Bloomberg reports that the Chicago Mercantile Exchange (CME) had earlier declared plans to introduce bitcoin futures by end of next month, after previously dismissing such an idea. Soon after the announcement, Bitcoin surged to a record high of $6,306.58 on the CoinDesk Bitcoin Price Index at 20:30 UTC yesterday before touching an all time high of $6345.
To recall, bitcoin rose more than sixfold earlier this year, just last week crossed the $6,000-mark for the first time. According to Bloomberg, the world’s largest exchange owner reversed course after its rival had indicated earlier this year ‘that it was going to begin a Bitcoin futures contract by year-end or early 2018, and awaits approval from the Commodity Futures Trading Commission.’
"Given increasing client interest in the evolving cryptocurrency markets, we have decided to introduce a bitcoin futures contract," said Terry Duffy, CME Group Chairman and CEO. "As the world's largest regulated FX marketplace, CME Group is the natural home for this new vehicle that will provide investors with transparency, price discovery and risk transfer capabilities."
Cryptocurrency market capitalization has grown in recent years to $172 billion, with bitcoin representing more than 54 percent of that total, or $94 billion. The bitcoin spot market has also grown to trade roughly $1.5 billion in notional value each day, CME said in a statement.

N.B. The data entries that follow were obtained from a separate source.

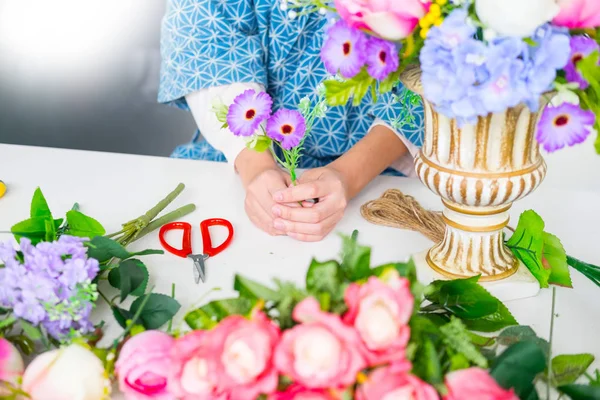 Mujeres Jóvenes Propietarias Negocios Floristería Haciendo Arreglando Chaleco Flores Artificiales —  Fotos de Stock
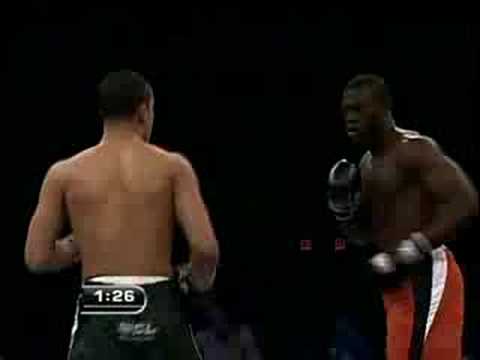 Uriah Hall vs. Leo Valdivia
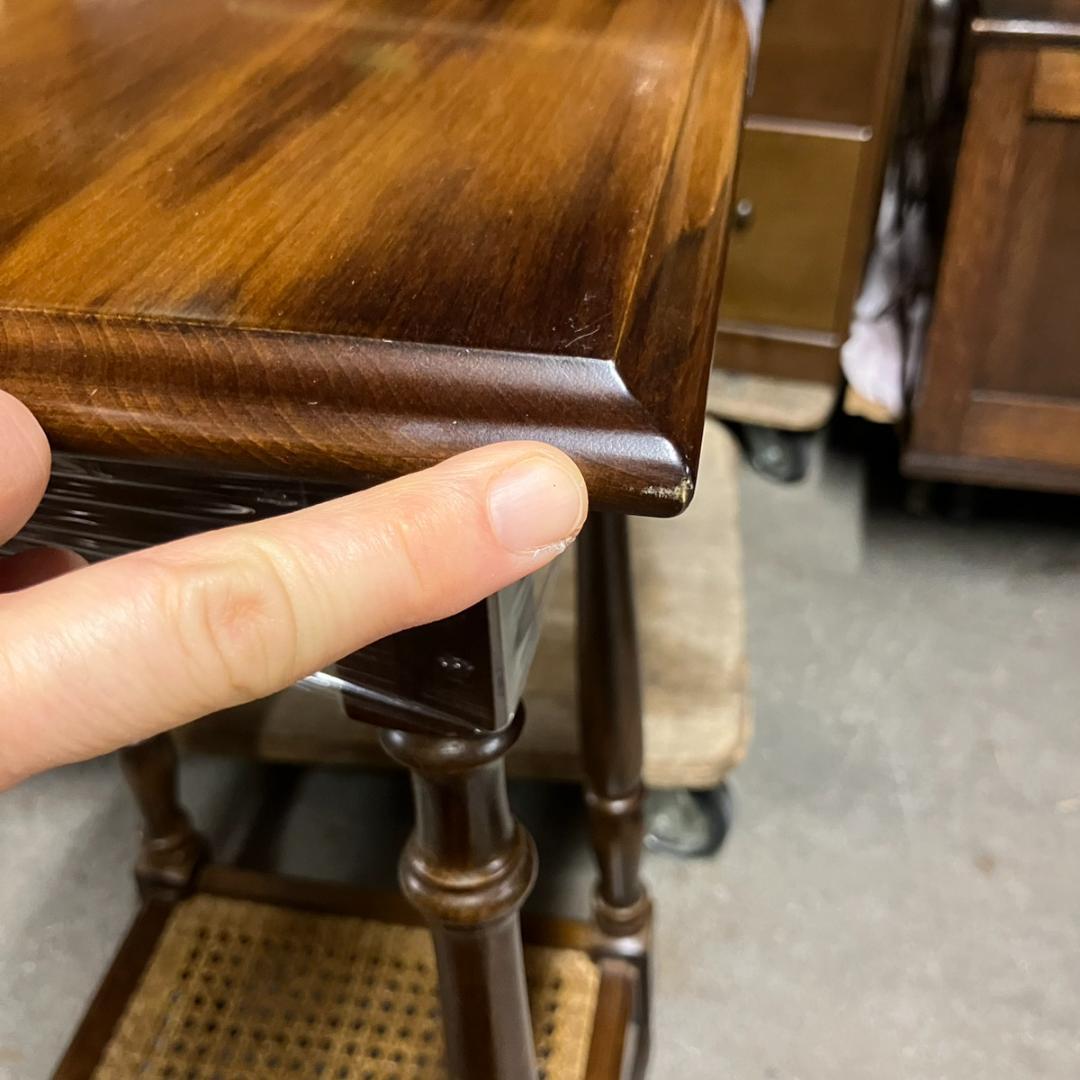 極美品 カリモク家具 コロニアル 花台 飾り台 サイドテーブル 高さ70cm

Several analysts pointed out that recent rise in the world’s largest cryptocurrency were a result of a wide range of factors including China resuming cryptocurrency trading and the likelihood of the cryptocurrency receiving the exchange-traded (ETF) approval. Also recently, the South Korean government declared its intentions to adopt the cryptocurrency as a commodity and regulate the market efficiently to protect users, investors and businesses.